What lines of the data below hold the string "Tape"? Copy each one out.

**Items from a data source**
- - -

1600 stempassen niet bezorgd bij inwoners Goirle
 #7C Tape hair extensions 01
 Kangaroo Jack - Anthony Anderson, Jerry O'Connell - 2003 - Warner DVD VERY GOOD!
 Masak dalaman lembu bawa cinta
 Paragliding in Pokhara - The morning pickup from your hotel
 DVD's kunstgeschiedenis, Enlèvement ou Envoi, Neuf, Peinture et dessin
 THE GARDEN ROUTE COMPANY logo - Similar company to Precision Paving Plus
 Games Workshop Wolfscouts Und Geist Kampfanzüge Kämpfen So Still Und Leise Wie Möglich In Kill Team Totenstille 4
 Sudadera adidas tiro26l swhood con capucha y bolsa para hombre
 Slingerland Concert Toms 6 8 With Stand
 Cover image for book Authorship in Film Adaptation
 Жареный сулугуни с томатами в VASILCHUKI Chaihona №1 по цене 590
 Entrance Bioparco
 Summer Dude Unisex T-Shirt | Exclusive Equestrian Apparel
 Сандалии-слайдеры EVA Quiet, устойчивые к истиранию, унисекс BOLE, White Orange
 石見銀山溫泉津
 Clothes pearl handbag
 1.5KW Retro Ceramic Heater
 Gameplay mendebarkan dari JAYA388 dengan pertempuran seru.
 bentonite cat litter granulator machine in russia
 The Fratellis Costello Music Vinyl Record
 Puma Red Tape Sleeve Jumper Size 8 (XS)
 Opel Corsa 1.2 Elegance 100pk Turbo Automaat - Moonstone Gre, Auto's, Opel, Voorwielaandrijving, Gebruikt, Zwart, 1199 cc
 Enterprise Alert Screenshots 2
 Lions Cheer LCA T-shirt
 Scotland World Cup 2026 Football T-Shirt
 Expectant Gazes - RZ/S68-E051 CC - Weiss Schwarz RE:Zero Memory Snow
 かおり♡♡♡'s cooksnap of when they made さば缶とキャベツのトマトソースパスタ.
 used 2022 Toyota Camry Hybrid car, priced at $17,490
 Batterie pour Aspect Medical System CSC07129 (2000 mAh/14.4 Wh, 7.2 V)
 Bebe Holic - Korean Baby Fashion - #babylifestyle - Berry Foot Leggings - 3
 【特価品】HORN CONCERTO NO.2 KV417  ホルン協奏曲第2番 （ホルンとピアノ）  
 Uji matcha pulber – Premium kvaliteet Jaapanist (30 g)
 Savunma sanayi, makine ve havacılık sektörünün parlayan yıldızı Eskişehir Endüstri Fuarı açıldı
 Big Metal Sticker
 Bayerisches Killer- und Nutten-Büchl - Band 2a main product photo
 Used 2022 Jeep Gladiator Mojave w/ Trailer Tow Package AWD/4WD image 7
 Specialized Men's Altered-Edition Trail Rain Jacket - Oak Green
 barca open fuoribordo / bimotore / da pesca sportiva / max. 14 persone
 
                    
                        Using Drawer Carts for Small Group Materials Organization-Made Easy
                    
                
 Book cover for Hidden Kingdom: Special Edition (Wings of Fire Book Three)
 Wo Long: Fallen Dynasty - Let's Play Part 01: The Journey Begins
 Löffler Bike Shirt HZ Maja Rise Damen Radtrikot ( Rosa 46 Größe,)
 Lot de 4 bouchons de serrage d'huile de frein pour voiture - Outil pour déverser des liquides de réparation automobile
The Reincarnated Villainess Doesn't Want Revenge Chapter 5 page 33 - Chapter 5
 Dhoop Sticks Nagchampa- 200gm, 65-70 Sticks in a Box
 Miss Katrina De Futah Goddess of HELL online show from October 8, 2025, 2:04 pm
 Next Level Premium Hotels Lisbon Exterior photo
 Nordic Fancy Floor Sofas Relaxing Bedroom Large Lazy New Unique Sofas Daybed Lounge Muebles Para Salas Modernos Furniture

- - -

**ANSWER FOR THE TASK**
 #7C Tape hair extensions 01
 Puma Red Tape Sleeve Jumper Size 8 (XS)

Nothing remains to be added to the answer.